Exercise input
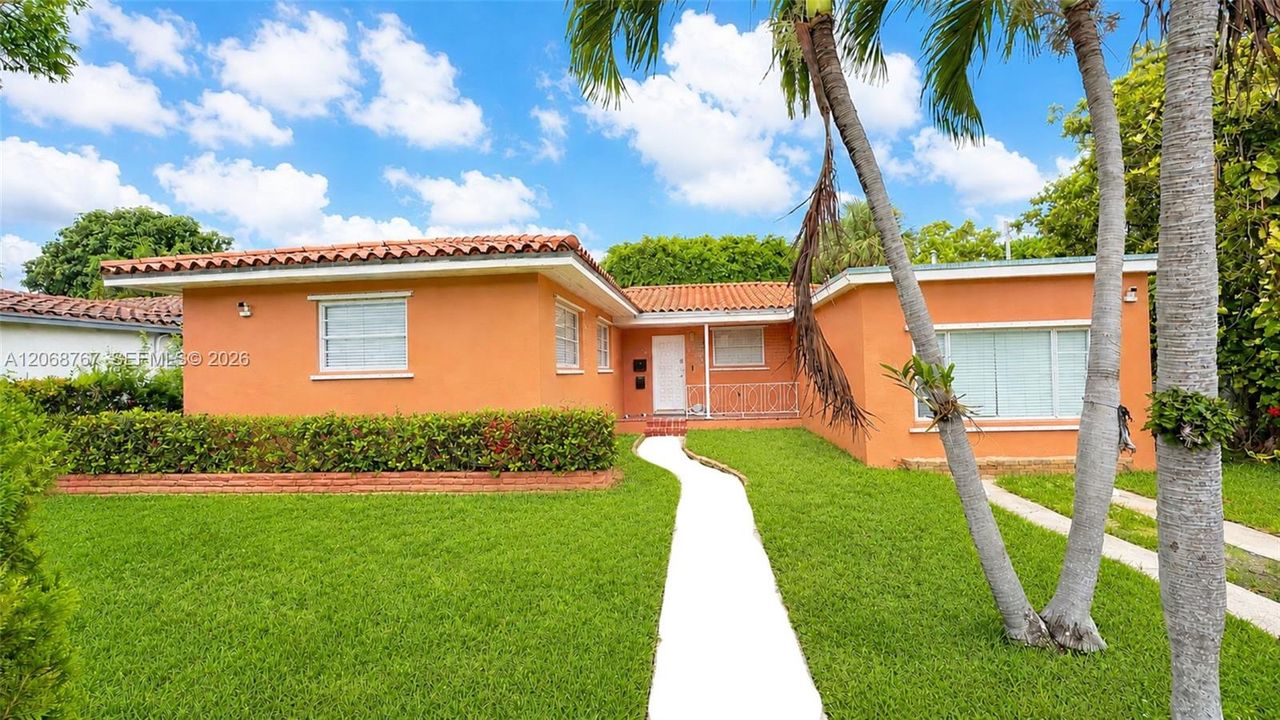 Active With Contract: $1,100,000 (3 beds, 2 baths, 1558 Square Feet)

==

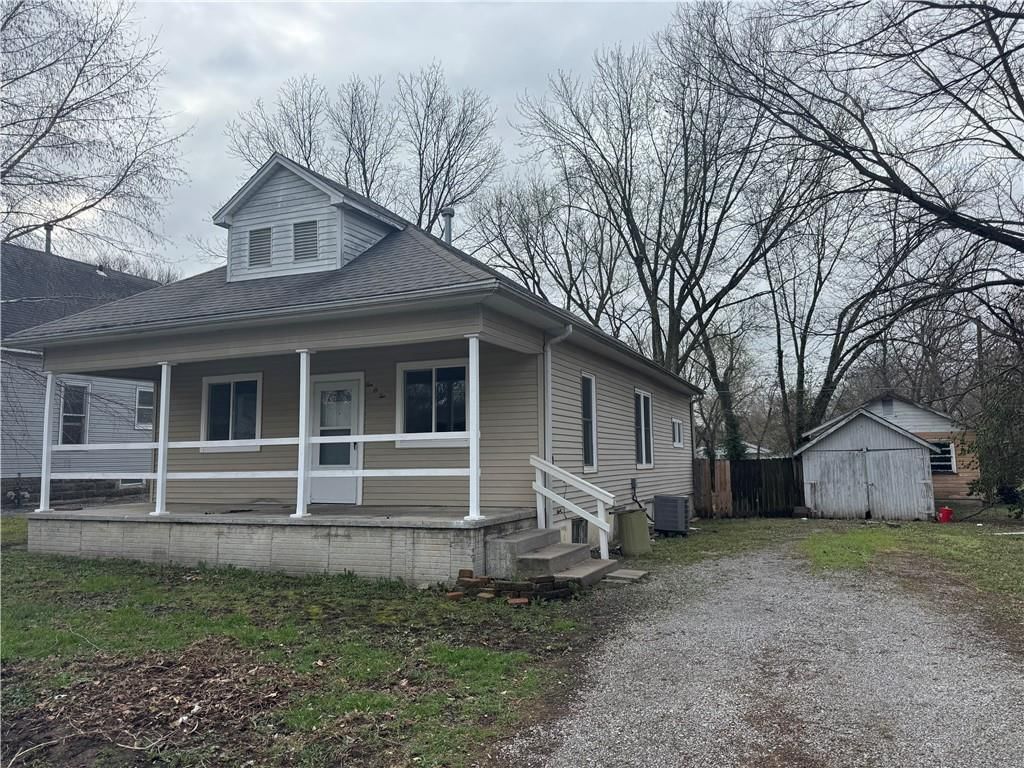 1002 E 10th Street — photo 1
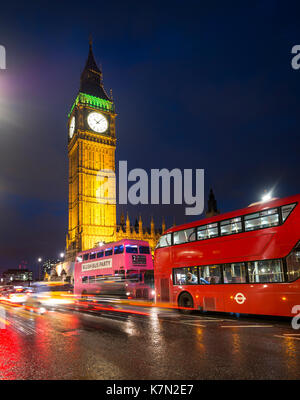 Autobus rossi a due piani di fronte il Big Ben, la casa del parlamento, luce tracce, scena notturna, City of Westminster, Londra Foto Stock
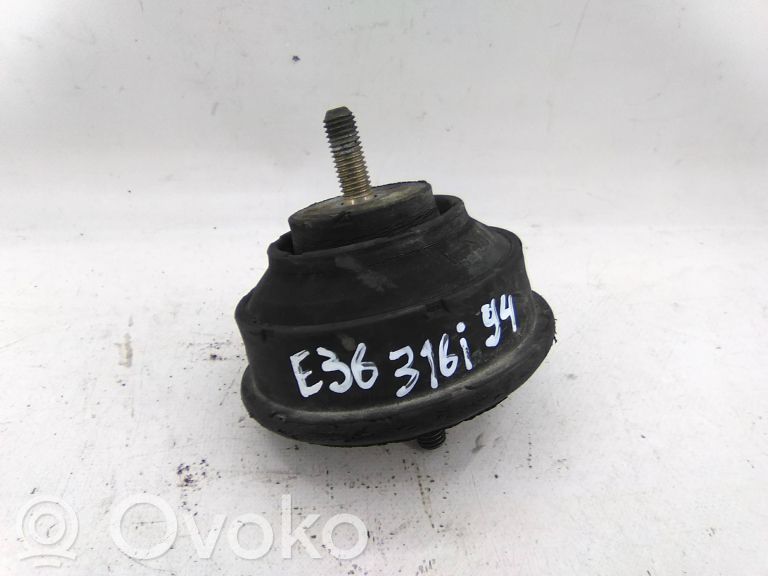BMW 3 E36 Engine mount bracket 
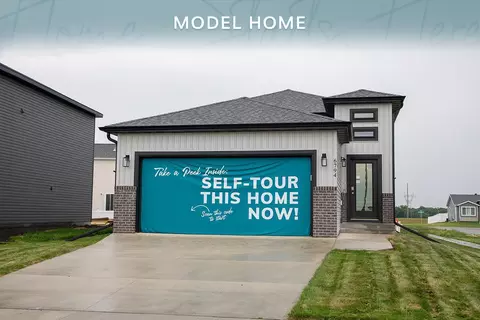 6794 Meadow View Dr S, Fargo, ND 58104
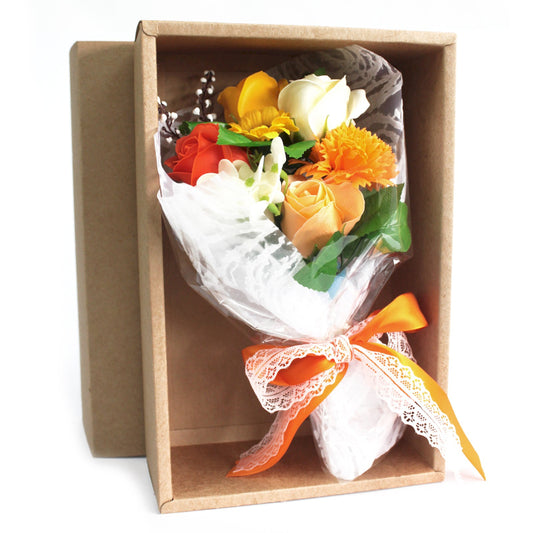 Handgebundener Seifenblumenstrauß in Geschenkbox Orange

* * *

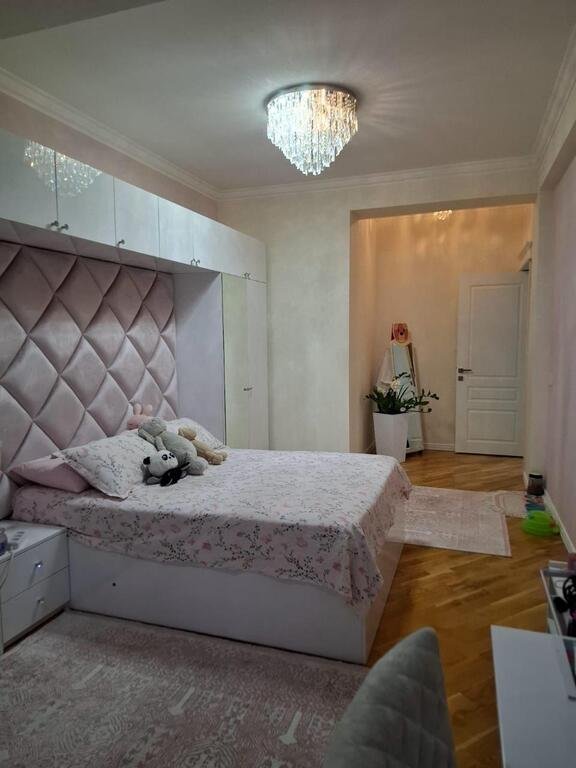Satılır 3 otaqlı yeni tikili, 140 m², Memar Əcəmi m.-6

Problem to solve
Beginning at the line above that contains "1002 E 10th Street — photo 1", repeat each line exactly through the one that contains "Handgebundener Seifenblumenstrauß in", and leave out the pictures.

Reply
 1002 E 10th Street — photo 1
 Autobus rossi a due piani di fronte il Big Ben, la casa del parlamento, luce tracce, scena notturna, City of Westminster, Londra Foto Stock
BMW 3 E36 Engine mount bracket 
 6794 Meadow View Dr S, Fargo, ND 58104
 Handgebundener Seifenblumenstrauß in Geschenkbox Orange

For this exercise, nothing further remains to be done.